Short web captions
##############################

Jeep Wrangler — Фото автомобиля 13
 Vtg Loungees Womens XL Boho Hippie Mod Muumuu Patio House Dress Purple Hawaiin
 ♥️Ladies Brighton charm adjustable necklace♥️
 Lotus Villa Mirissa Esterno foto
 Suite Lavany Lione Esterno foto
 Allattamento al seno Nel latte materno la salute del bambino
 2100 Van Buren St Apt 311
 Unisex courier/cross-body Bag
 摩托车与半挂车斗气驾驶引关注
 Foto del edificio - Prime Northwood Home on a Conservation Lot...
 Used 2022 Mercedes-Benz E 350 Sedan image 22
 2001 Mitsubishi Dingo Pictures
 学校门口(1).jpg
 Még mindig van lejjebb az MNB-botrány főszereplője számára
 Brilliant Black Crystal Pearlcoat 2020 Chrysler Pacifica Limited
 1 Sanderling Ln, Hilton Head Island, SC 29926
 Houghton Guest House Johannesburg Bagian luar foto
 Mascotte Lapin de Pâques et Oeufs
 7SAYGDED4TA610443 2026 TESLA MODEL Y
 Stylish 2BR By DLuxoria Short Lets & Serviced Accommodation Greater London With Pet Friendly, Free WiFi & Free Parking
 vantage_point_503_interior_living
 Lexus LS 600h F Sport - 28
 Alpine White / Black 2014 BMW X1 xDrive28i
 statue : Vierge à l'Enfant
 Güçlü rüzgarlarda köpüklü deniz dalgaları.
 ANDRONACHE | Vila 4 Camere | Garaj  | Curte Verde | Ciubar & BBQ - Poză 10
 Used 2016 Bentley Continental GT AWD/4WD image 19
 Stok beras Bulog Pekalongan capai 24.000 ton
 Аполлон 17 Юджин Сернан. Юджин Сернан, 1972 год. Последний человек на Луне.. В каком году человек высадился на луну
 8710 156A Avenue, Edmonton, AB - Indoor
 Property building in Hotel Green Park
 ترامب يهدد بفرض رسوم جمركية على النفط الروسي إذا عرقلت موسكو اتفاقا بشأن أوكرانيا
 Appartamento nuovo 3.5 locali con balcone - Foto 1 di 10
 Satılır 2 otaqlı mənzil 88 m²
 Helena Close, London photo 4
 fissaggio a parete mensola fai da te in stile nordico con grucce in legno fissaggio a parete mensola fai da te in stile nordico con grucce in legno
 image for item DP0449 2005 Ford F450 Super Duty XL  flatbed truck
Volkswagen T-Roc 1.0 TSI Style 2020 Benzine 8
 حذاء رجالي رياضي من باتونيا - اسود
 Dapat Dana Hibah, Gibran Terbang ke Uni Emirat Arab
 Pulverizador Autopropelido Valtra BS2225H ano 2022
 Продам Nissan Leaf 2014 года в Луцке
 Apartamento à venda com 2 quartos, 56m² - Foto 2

##############################

__Exercise aim__
The answer should consist of all lines from the records above that hold the word "Used".

__Response below__
 Used 2022 Mercedes-Benz E 350 Sedan image 22
 Used 2016 Bentley Continental GT AWD/4WD image 19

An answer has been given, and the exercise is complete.